WHAT TO PRODUCE
Word for word, reproduce every line of the data below.

Short web captions
##########

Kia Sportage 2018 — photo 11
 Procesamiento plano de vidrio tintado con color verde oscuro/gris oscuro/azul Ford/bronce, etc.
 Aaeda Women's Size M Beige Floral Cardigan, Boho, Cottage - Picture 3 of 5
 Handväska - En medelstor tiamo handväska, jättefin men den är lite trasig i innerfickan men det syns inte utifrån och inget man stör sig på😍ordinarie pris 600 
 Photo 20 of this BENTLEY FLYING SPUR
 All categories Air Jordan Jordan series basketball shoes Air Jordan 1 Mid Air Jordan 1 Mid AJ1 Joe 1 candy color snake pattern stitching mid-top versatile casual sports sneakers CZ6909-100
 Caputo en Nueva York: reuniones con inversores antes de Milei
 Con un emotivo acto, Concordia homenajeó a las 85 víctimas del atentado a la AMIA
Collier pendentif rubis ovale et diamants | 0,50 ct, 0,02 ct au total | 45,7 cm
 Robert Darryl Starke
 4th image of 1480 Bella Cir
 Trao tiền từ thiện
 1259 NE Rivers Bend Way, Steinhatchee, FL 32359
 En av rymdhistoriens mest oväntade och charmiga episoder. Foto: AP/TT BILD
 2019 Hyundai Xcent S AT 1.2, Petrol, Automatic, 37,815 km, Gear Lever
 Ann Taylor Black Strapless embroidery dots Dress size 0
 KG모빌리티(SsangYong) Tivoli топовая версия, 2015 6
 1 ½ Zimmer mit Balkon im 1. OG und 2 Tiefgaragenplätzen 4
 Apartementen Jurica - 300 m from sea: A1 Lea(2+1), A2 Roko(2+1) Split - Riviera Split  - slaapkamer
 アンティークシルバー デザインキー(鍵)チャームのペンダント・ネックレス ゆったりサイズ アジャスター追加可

##########

OUTPUT OF THE EXERCISE
Kia Sportage 2018 — photo 11
 Procesamiento plano de vidrio tintado con color verde oscuro/gris oscuro/azul Ford/bronce, etc.
 Aaeda Women's Size M Beige Floral Cardigan, Boho, Cottage - Picture 3 of 5
 Handväska - En medelstor tiamo handväska, jättefin men den är lite trasig i innerfickan men det syns inte utifrån och inget man stör sig på😍ordinarie pris 600 
 Photo 20 of this BENTLEY FLYING SPUR
 All categories Air Jordan Jordan series basketball shoes Air Jordan 1 Mid Air Jordan 1 Mid AJ1 Joe 1 candy color snake pattern stitching mid-top versatile casual sports sneakers CZ6909-100
 Caputo en Nueva York: reuniones con inversores antes de Milei
 Con un emotivo acto, Concordia homenajeó a las 85 víctimas del atentado a la AMIA
Collier pendentif rubis ovale et diamants | 0,50 ct, 0,02 ct au total | 45,7 cm
 Robert Darryl Starke
 4th image of 1480 Bella Cir
 Trao tiền từ thiện
 1259 NE Rivers Bend Way, Steinhatchee, FL 32359
 En av rymdhistoriens mest oväntade och charmiga episoder. Foto: AP/TT BILD
 2019 Hyundai Xcent S AT 1.2, Petrol, Automatic, 37,815 km, Gear Lever
 Ann Taylor Black Strapless embroidery dots Dress size 0
 KG모빌리티(SsangYong) Tivoli топовая версия, 2015 6
 1 ½ Zimmer mit Balkon im 1. OG und 2 Tiefgaragenplätzen 4
 Apartementen Jurica - 300 m from sea: A1 Lea(2+1), A2 Roko(2+1) Split - Riviera Split  - slaapkamer
 アンティークシルバー デザインキー(鍵)チャームのペンダント・ネックレス ゆったりサイズ アジャスター追加可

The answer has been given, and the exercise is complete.